Individuation — The Journey Back to the True Self

31/10/2025

October 31st — Quiet October afternoon, soft light through the window. Not searching. Just remembering. 

What Carl Jung meant by individuation

Carl Jung believed that the greatest task of our lives is to become who we truly are
not the version shaped by approval or fear, but the one that existed before conditioning.

He called this process individuation: the lifelong journey of integrating every part of ourselves into a whole.

For Jung, individuation was not a luxury of the self-aware, it was the purpose of life itself.
He saw it as the psyche's natural movement toward balance, a process through which the conscious and unconscious mind begin to communicate, so that what was once hidden can finally be understood.

In Jung's view, we begin our lives fragmented — split between who we are and who we think we should be. We wear the persona to survive. We hide the shadow to feel safe. We search for signs in the world, not realizing that the answers often come from within.

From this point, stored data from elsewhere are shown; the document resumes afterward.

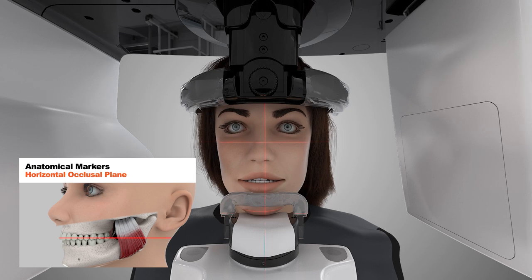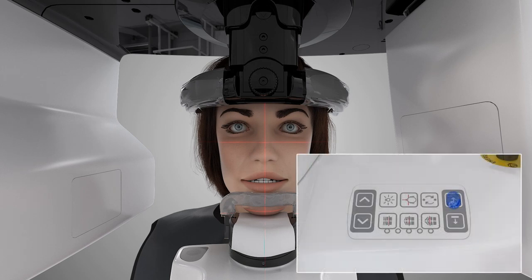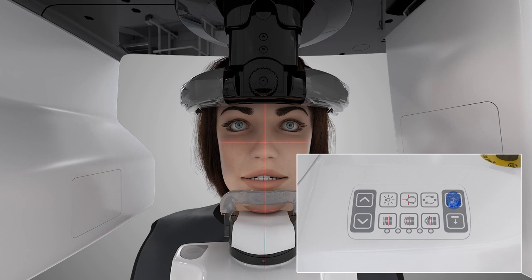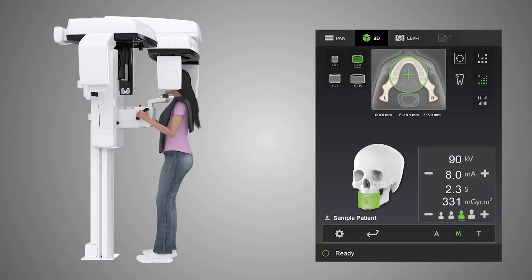Ensure that the patient's occlusal plane is horizontal. Manually move the patient's head to compensate. Adjust unit height and chin support height to ensure the area of interest is between the top and bottom FOV laser light lines. Close the temple supports by rotating the adjustment knob clockwise. If you would like to show the patient how the rotating unit works or to ensure proper clearance of the patient prior to exposure, use the test mode by pressing the test icon on the touch screen.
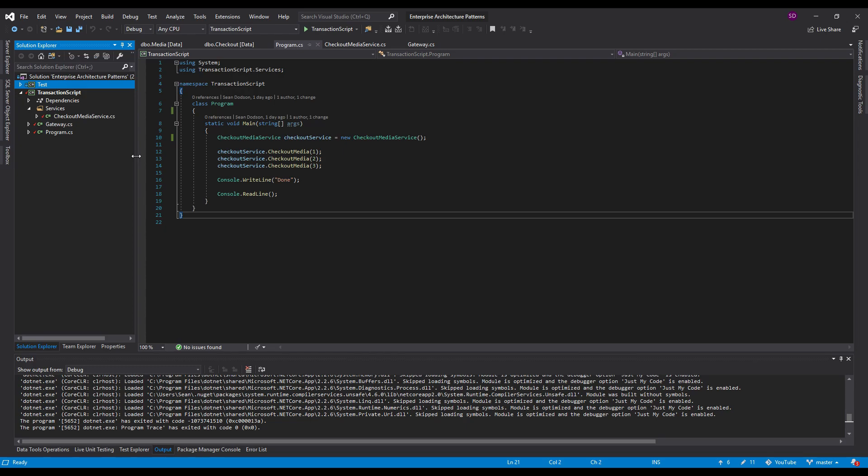So that wraps up the transaction script. Again, very simple domain logic pattern. And next we're going to be looking into probably the domain model. Thank you guys for watching. Be sure to leave a like, subscribe. And I'll see you guys next time.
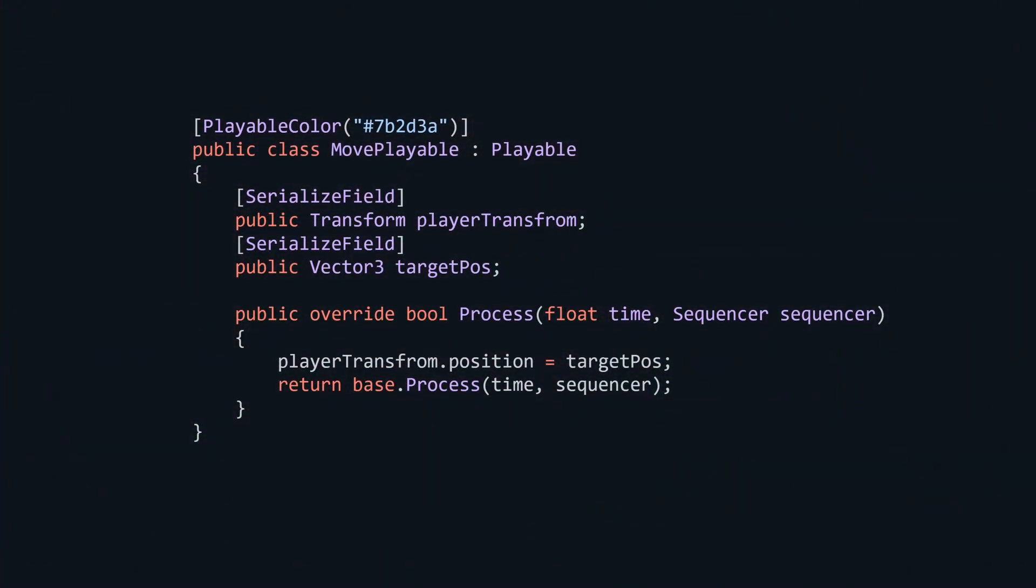Well, there's one problem with this. Unity's scriptable objects can't save references to scene objects. What that means for us is that the next time we reload Unity, we will lose the reference to the player. Luckily, sequencer handles this problem with exposed references.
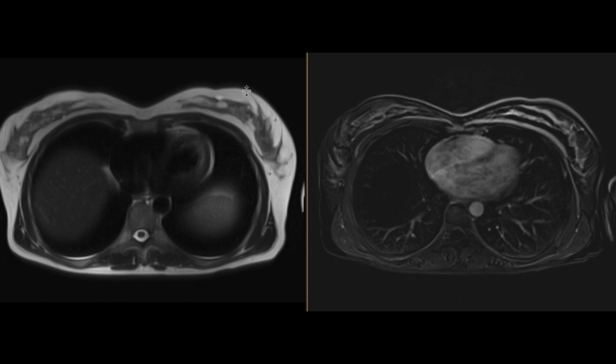This is a patient in her 50s who comes in with abdominal pain. There was a CT scan, and an ultrasound showed a mass in the left hepatic lobe, and an MRI was performed to further characterize it.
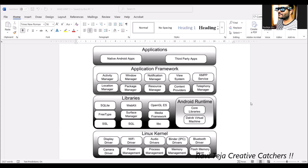Hello everyone, welcome to the course of mobile application development. In today's class we are going to learn a new topic called Android application architecture. This architecture consists of four segments: applications, application framework, libraries integrated with the Android runtime, and the Linux kernel. Let's see these segments one by one.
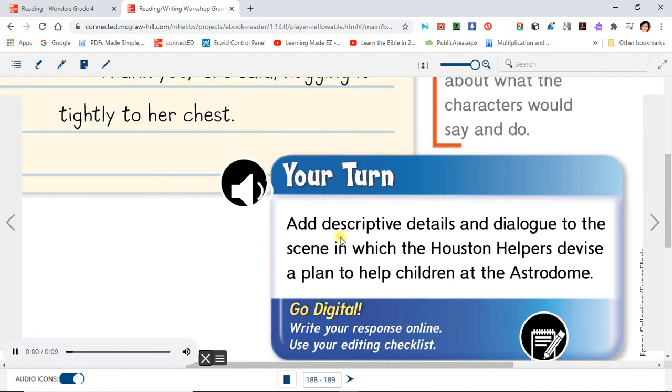Your turn. Add descriptive details and dialogue to the scene in which the Houston Helpers devise a plan to help children at the Astrodome.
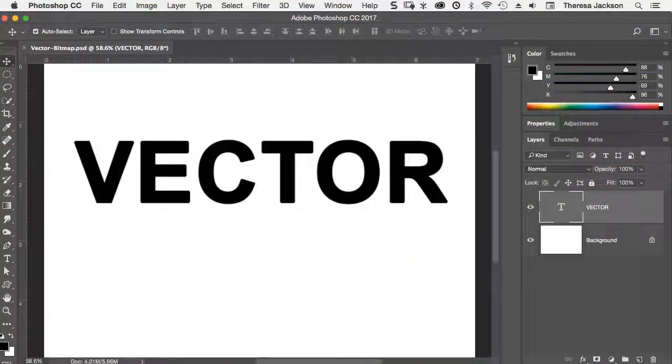Hello, this is Teresa Jackson with a Photoshop tutorial to explain what vector graphics are and how they work inside of Photoshop.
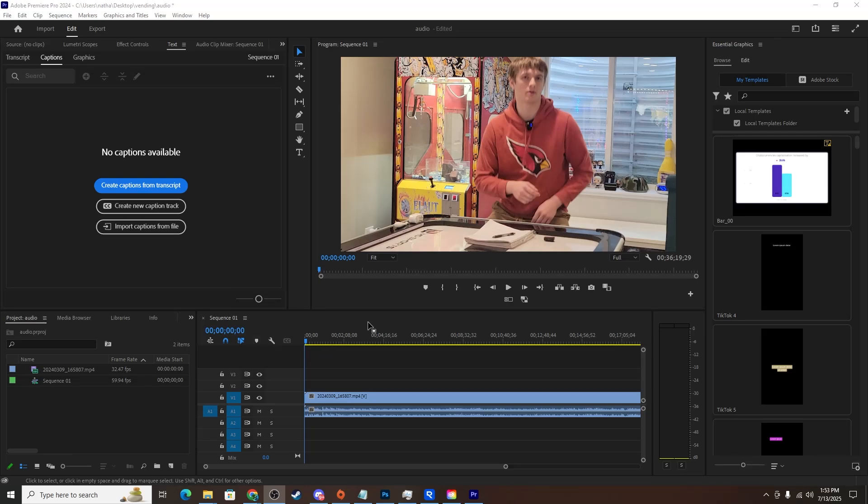Today I'm going to be showing you how to synchronize audio and video. This is usually done for podcasts, YouTube videos, and stuff like that.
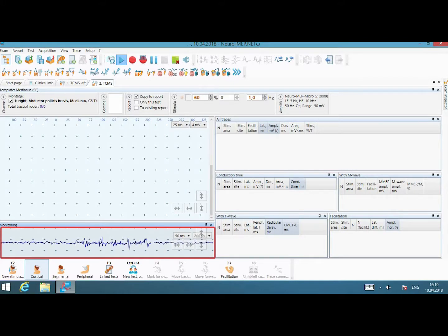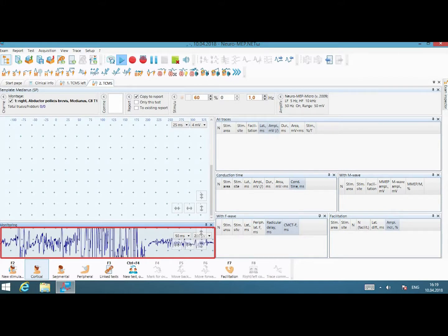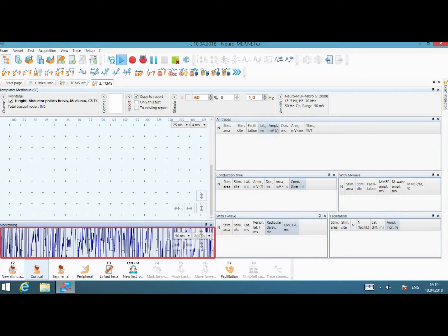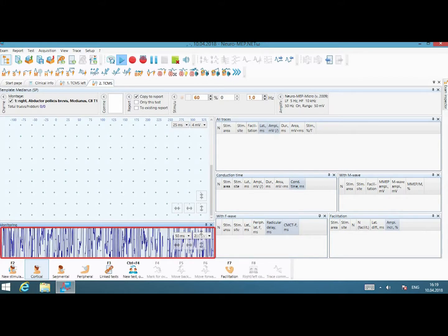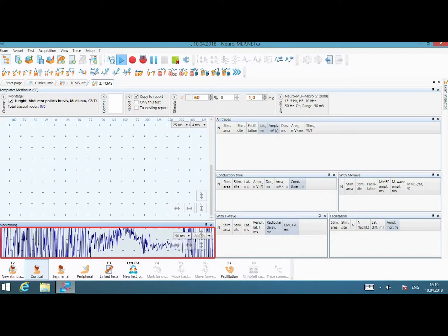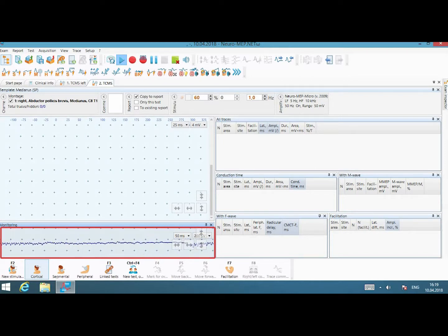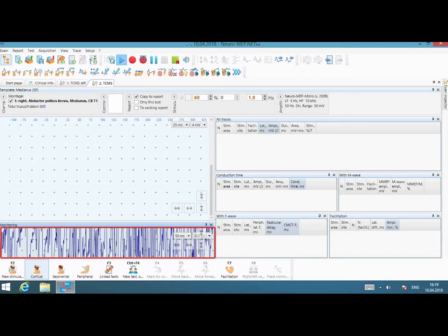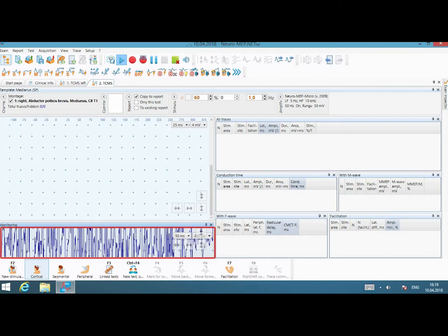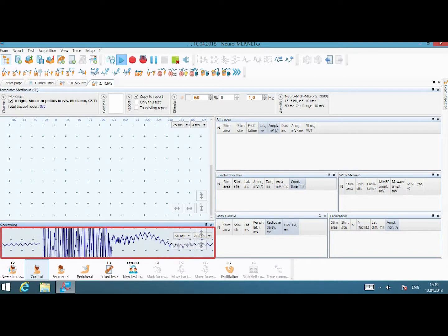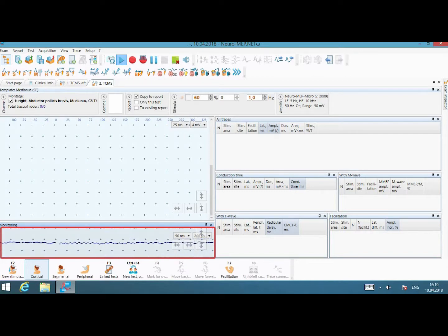So if I ask you to contract the muscle, you see this is the EMG. Relax. Nothing. Contract. EMG. Okay. Relax.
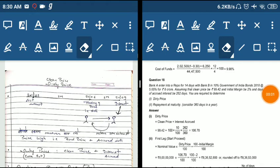Hello people, this is your channel CA TV and in this video we are going to quickly understand the concept of clean price and dirty price.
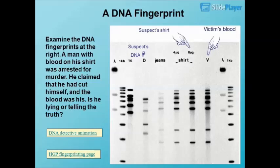Examine the DNA fingerprints shown. A man with blood on his shirt was arrested for murder. He claimed that he had cut himself and the blood was his. Is he lying or telling the truth?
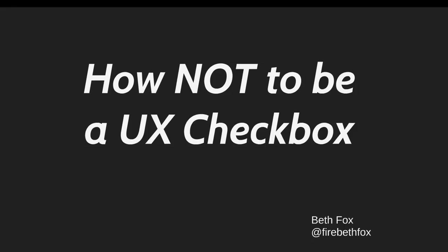Hi, this is Beth Fox and this is a presentation on how not to be a UX checkbox. I originally presented this at CanUX 2017 in Ottawa and I've re-recorded this with audio so that I could share it with you.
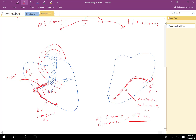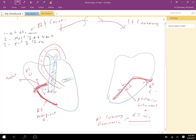When the posterior descending branch comes from the right coronary, we call it right coronary dominance. The right coronary supplies: the right atrium, most of the right ventricle, part of the left ventricle adjacent to the posterior descending branch, the SA node in about 60% of cases, and the AV node in about 80% of cases.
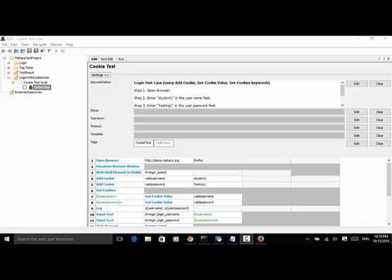When testing modern web applications, in some cases you need to check cookie values, or you need to check a list of cookies in the session, or you need to define a cookie in your test. Selenium tool library includes addCookie, getCookieValue, and getCookies keywords, so you can use these keywords to interact with cookies in your test session.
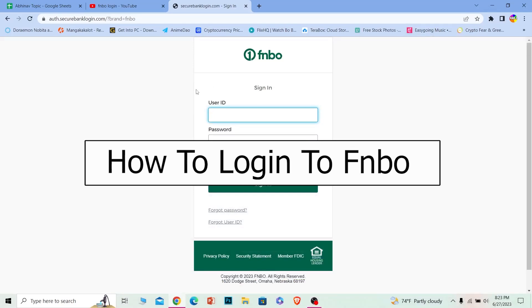In today's video, I will be showing you how you can log in to your FNBO online banking account. It's pretty simple, so follow the steps I'm going to show you.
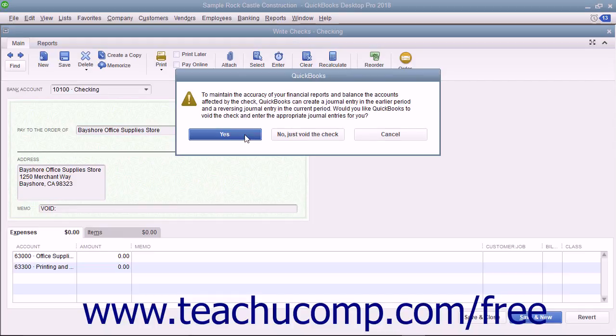If you intend to make these entries yourself, you can click the No, Just Void the Check button instead.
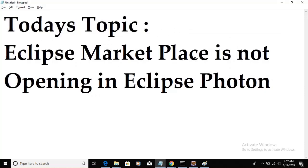Today's topic is Eclipse Marketplace is not opening in Eclipse Photon. Since October 2018, sometimes we are facing a problem where if we download Eclipse Photon as an IDE, then Eclipse Marketplace is not opening.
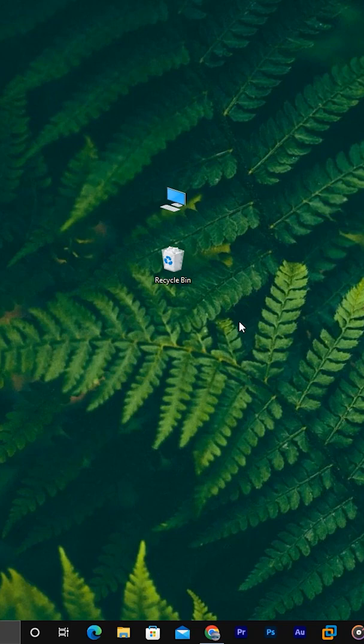But the computer knows something is there. So visually it looks empty, but technically it's not empty.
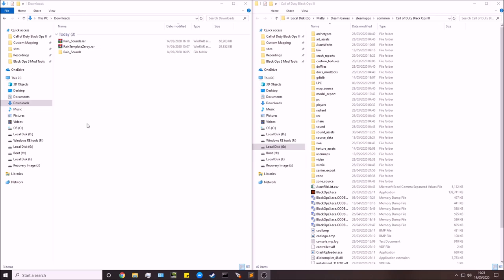Hey guys, Matt here and welcome back to the Black Ops 3 tutorial series. This video is going to be on how to add rain to your map. Full credit here to Ardive and Xeroi — those guys basically did the original tutorial on how I learned to do this, and also for one of the content downloads you'll be downloading in a moment.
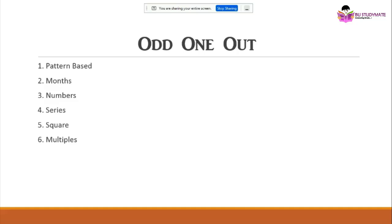Odd one out questions relate to patterns, months, or numbers — like if even numbers are given and one odd number is included. Series types such as letters, alphabets, numbers, or mixed can appear. Squares and square roots are also tested: for example, if three square roots are even and one is odd, the odd one is the answer.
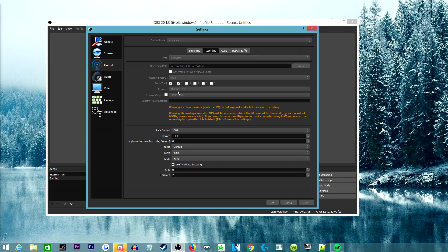I use two audio tracks. The first one is for regular desktop volume — anything coming through my headphones like game sounds. The second audio track is for the mic you're listening to right now. It makes editing easier, makes the voice sound better, and you don't get annoying background noise. If you do live gameplay and don't use two audio tracks, I highly suggest it — you can adjust volume separately and it really makes your life easier.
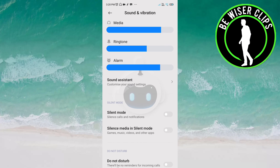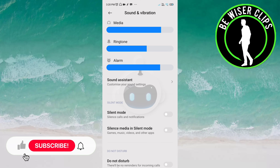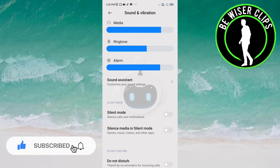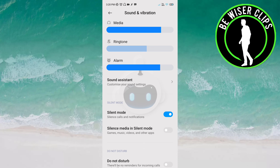In the category of silent mode, you can see an option called Silent Mode. You have to click on it to activate this option. Now all the calls and notifications are on silent mode.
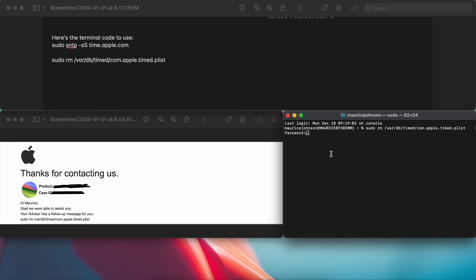After you put your password in, it's going to run the code and that's going to be it. Your time is still going to be not correct just to let you know, it's going to be a little bit messed up.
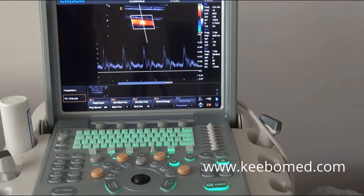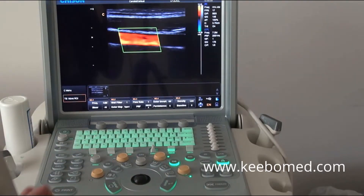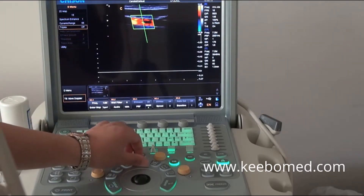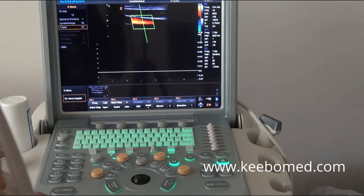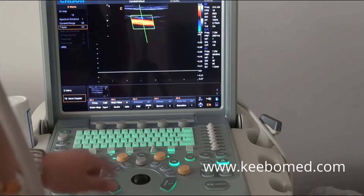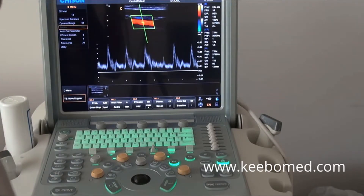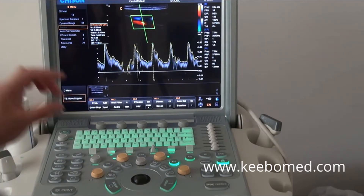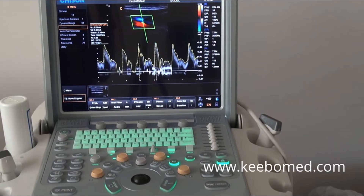After that, I will show you how to open some other functions, like triplex. Go into D mode and press the menu key. You will find triplex — press it to open it. Then press the update key. It has a high frame rate. We can press auto calculation and find the real-time results displayed on screen. It's very convenient for doctors' usage.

When we begin to listen inward, dreams, intuitions, and even chance encounters start guiding us home — not as random moments, but as reflections of a psyche seeking its own completion.

Individuation is the bridge between all of these. It's not self-improvement.
It's self-reunion, the soul remembering its shape.

The gentle unlearning

Becoming whole isn't about adding more layers to who you are, it's about unlearning what was never yours to carry. The roles. The expectations. The need to prove your worth.

As you peel away what no longer fits, you begin to notice how much space there is for authenticity to breathe. The noise quiets. Your intuition grows louder.
You begin to move with more honesty, not because you're certain, but because you're aligned.

This stage of individuation often feels like coming undone, but in truth, it's a slow and sacred remembering. You stop performing and start inhabiting yourself again.

The return to the whole self

At some point, the process stops feeling like work. You realize you're not building a new self, you're coming home to the one that's been here all along.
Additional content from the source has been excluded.